Диалог с Алексеем Хабаровым на еврейско-медицинскую тему
Столько потерь за 2020 год, что душа изнемогла.
Полгода как ушел Алексей.
Интересный разговор получился у нас с Алексеем Хабаровым. О чем? Да все о том же: Ташкент, евреи, медицина.
Кроме этих тем нас связывает общая память о двоюродном брате Алексея и моем институтском друге — Пете Калашникове. А еще нужно сказать, что Петр и Алексей — внуки знаменитого ташкентского рентгенолога доктора Калмыкова, который по преданию был прототипом одного из героев "Ракового корпуса".
Алексей написал:
ЕВРЕЙСКИЙ ВОПРОС
(не ханукальные аллюзии)
Сопливой московской весной ноль-четвертого года Михаила Фрадкова назначили премьером российского правительства. Вечером того же числа я возвращался с работы домой… Вышел из лифта — и услышал чих за спиной.
Прикрывая нос клетчатым старомодным платком, ко мне подошел сосед из смежной квартиры, милейший старикан, профессор-физик Яков Бенцианович. Он был взволнован. Ему явно хотелось поговорить.
— Алексей Маркович, — громко зашептал он, взяв меня под локоть, — у меня к вам еврейский вопрос. Вот скажите, зачем они это делают? Для чего дразнят русских? Неужели они не понимают, чем это может закончится?
— О чем вы, Яков Бенцианович?
— Ну, как же? Чубайс, Лившиц… теперь — Фрадков… вы, как еврей, это, надеюсь, понимаете?
— Надеюсь, понимаю. Но я не еврей.
— Ка-ак? — поперхнулся сосед.
— Должен вас огорчить — ни на грамм… Честное слово! Папа у меня по метрикам — Ипполит. Марком он стал уже в школе. Его сверстники Айболитом задразнили…
Несколько секунд Яков Бенцианович оторопело смотрел на меня… но жажда общения победила.
— Ну, ничего… ничего… я вижу — вы не глупый человек… Так вот, скажите мне — на что они рассчитывают?
…И тут у меня зачесалось в носу…
Я — ему:
— Алексей, я отвечу вам цитатой.
"Он не поверил старику и оказался кругом неправ".
Ваш Яков Бенцианович был прав, обратившись к вам как к еврею. Это же не вопрос крови. И даже не вопрос религии. Вы, проживший большой кусок жизни в Узбекистане, гораздо ближе к евреям, чем к русским, выросшим в России. У вас есть опыт быть национальным меньшинством, иной уровень терпимости, иной уровень понимания другого.
Вот это старик и почувствовал, и обратился как к своему.
Не знаю уж, обрадовал я Вас или огорчил.
Алексей — мне:
— Нет ничего лучше радости взаимопонимания!

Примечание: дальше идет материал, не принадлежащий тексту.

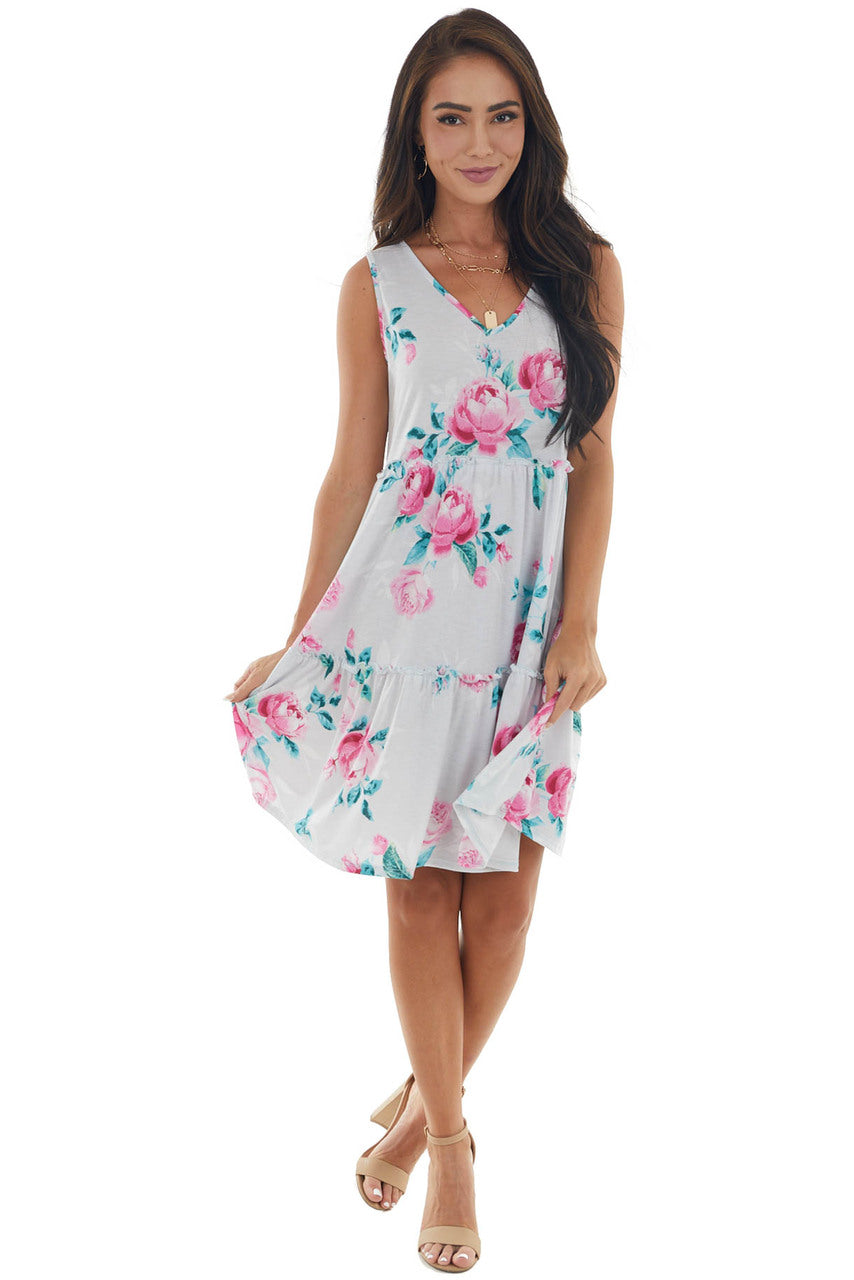 Pearl Floral Print Drop Waist Tiered Dress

Вы, Михаил, написали слова из моего подсознания!
Именно опыт национального меньшинства сформировал менталитет ташкентских русских, отличный от русских с Большой земли.
Об этом опыте рассказывал мне и мой дед.
Получив специальность доктора-рентгенолога, он сразу почувствовал себя "меньшинством" среди коллег. Дело в том, что большинство квалифицированных рентгенологов в Ташкенте были евреями. И первые годы дед мой чувствовал себя "чужим среди своих".
Его не принимали, игнорировали, было кое-что и похуже…
Что объяснимо. Доктора-евреи в Ташкенте, вырвавшись за унизительную "черту оседлости", выстрадали и оберегали свой профессиональный и социальный статус. И не впускали в него чужаков и инородцев.
— У меня был единственный путь, чтобы завоевать признание. — говорил дед. — Такой же, как и у евреев в России, — быть выше своих конкурентов на две головы в профессиональном отношении.
Что у меня это получилось, я понял, когда мои соперники стали приводить ко мне на консультацию своих жен, детей и родителей. Тогда я понял, что меня признали.
Так мой дед стал "евреем". Ему было несравненно труднее, чем мне. Но что значит быть меньшинством, знаю и я. И не обязательно в унизительном контексте.
Как говорил мне один мудрый бухарец:
"Один из самых больших человеческих пороков — жажда чувства превосходства".
Принадлежность к большинству провоцирует эту жажду и вводит в искушение свысока глядеть на меньшинства. Я не всегда преодолевал это искушение. Но опыт деда, от больших грехов меня оберегал.